July 1997 - Single mothers in the Campaign Against the Child Support Act (CACSA) write to all 108 Labour and Liberal Democrat women MPs urging them to help abolish the CSA £20 benefit penalty. 10 single mothers meet three women MPs. Lib Dem MP Jackie Ballard (a single mother who lived on Income Support for four years) offers support.

30 July - Early Day Motion opposing Lone Parent Benefit cut is signed by 97 MPs.

1 October - SMSD is formed. We hold a Fringe Meeting at Labour Party Conference in Brighton - single mothers speak about their situations.

20 October - We picket London High Court in support of famous single mother Sara Keays, a friend of the Wages For Housework Campaign. She's appealing against a gagging order which prevents her from speaking about her daughter Flora, imposed by absent father, Tory Party Chairman Lord Parkinson.

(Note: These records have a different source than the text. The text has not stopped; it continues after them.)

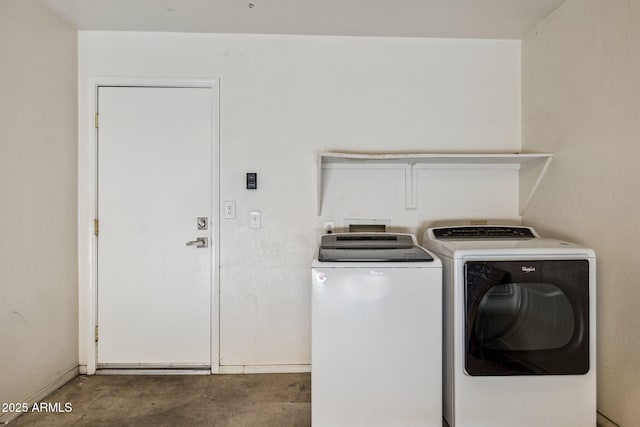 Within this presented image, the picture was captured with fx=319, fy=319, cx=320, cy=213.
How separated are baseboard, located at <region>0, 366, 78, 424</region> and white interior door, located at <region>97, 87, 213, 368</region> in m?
0.15

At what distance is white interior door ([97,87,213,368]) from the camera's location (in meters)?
2.12

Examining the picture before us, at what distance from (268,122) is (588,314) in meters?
2.03

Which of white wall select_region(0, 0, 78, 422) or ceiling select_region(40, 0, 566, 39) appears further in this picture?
ceiling select_region(40, 0, 566, 39)

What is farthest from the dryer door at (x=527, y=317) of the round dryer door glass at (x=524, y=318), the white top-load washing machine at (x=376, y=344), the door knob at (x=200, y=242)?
the door knob at (x=200, y=242)

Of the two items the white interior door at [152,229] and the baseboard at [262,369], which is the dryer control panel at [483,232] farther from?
the white interior door at [152,229]

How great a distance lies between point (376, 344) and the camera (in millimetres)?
1493

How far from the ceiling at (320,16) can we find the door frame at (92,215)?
0.34 m

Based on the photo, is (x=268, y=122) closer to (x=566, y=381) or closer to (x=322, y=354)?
(x=322, y=354)

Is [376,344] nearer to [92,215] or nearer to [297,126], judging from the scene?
[297,126]

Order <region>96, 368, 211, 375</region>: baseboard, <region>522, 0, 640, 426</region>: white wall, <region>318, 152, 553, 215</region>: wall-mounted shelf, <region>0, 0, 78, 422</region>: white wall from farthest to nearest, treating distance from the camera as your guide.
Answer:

11 November - Save Lone Parent Benefit meeting. We point out that the government was only able to bring in cuts to one parent benefits because when Labour was in opposition, the NCOPF and other anti-poverty organisations didn't oppose the CSA and its £20 benefit penalty.

12 November - Lib Dems force a government debate on Lone-Parent Premium. Six new Labour women MPs, drafted in to cut single mothers' Income Support, vote the cuts through without a word. Social Security Minister Keith Bradley refers to single mothers on benefits as "non-working mothers". Ten single mothers and children attending the meeting call the women MPs "Stepford wives". The name sticks. The protest is reported in The Guardian and The Observer. A single grandmother is arrested, but later released.

18 November A government committee discusses the Social Security Bill. Anti-poverty MPs like Chris Pond, ex-Low Pay Unit, vote to cut One Parent Benefit. Single mothers in the room chant "Poverty lobby votes for poverty" and get thrown out.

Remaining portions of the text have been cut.